Oh hey, my alma mater. Seems kinda weird anything cryogenic could be “unplugged,” since there’s a fuckoff-massive tank for liquid nitrogen outside the Low building… the tallest building on campus.
The article explains it. The freezer was wired through a disconnect box that was locked to prevent anyone from turning it off, but the janitor found the circuit panel and turned off the circuit breaker.
… yeah, and it’s kinda weird circuits were involved, when we have a mad-science supply of liquid nitrogen. I would have assumed that was the mechanism for keeping anything extremely frozen for decades on end.
I would have assumed that was the mechanism for keeping anything extremely frozen for decades on end.
Boy you’d think, right? Gravity-powered liquid nitrogen just makes too much sense. No, we’ll make it so it won’t fail unless the circuit box gets opened!
That is a bit over my head (my degree is in CompSci), but the research samples only had a 3C degree margin for error (77 to 83C) so I am assuming they had a good reason for using the setup that they had. Or maybe they were forced to accept that setup due to financial limitations.

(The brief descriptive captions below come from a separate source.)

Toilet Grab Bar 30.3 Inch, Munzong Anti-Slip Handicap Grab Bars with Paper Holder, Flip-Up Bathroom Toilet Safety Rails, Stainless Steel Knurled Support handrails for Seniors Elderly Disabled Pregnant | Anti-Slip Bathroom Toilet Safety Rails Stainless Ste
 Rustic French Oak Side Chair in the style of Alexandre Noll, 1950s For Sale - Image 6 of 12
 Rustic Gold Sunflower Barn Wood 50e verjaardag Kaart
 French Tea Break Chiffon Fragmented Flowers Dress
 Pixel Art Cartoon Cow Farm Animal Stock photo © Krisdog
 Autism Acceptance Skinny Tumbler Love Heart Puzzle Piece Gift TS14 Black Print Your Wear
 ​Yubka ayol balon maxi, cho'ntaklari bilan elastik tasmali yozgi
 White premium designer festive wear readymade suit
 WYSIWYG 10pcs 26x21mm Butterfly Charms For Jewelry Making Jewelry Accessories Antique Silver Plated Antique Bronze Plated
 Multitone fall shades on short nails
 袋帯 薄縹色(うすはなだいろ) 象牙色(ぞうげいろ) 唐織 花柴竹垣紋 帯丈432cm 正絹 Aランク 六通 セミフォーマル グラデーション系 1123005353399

Either way, privatization was 100% at fault here. The university wanted to cut costs (avoid paying benefits) so they outsourced the cleaning job to a private company who hired the cheapest guy they could. The outsourced company didn’t understand or respect their research and the guy they hired obviously didn’t either.
If you find a reliable cryonics group, that’s exactly what they do. Alcor, for example, stores bodies upside down in tanks of liquid nitrogen so that if the power and backup power go out, it will still take a lot of time before the corpses defrost down to the head.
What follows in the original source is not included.